(DIRECTIONS FOR THIS TASK): From the entries below, reproduce exactly the line containing "Convite 100 Dias", the line containing "Oktoberfest kostuum Otto, detail", and every line in between, with nothing added.

(Extracted records)

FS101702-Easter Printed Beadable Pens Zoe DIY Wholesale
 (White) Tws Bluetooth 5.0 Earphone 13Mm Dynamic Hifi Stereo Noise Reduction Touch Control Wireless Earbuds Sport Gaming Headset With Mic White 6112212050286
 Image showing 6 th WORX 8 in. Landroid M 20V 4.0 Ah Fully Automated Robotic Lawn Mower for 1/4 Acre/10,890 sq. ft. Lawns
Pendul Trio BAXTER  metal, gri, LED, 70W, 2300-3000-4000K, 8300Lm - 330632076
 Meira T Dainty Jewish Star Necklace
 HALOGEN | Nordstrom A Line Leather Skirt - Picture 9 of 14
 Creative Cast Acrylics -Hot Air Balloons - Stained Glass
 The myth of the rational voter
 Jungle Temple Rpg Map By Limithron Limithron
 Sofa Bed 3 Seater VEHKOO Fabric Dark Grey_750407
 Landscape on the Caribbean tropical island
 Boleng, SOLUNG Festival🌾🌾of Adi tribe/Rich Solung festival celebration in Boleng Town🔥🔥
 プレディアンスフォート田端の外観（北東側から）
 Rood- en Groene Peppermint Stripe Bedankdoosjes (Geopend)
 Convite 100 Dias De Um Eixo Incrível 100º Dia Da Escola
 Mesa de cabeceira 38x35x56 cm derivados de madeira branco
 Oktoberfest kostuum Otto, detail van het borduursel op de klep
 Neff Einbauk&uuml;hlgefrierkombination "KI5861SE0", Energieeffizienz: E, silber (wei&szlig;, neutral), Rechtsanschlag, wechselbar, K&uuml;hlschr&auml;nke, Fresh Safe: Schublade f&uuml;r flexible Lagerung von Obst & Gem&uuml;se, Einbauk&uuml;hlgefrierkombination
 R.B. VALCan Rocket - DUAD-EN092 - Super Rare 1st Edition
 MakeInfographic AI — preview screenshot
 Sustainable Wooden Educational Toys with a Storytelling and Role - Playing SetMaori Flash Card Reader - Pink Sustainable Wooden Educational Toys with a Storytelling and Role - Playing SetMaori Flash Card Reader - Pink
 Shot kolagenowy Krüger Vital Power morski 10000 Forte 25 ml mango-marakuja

(ANSWER AREA):
 Convite 100 Dias De Um Eixo Incrível 100º Dia Da Escola
 Mesa de cabeceira 38x35x56 cm derivados de madeira branco
 Oktoberfest kostuum Otto, detail van het borduursel op de klep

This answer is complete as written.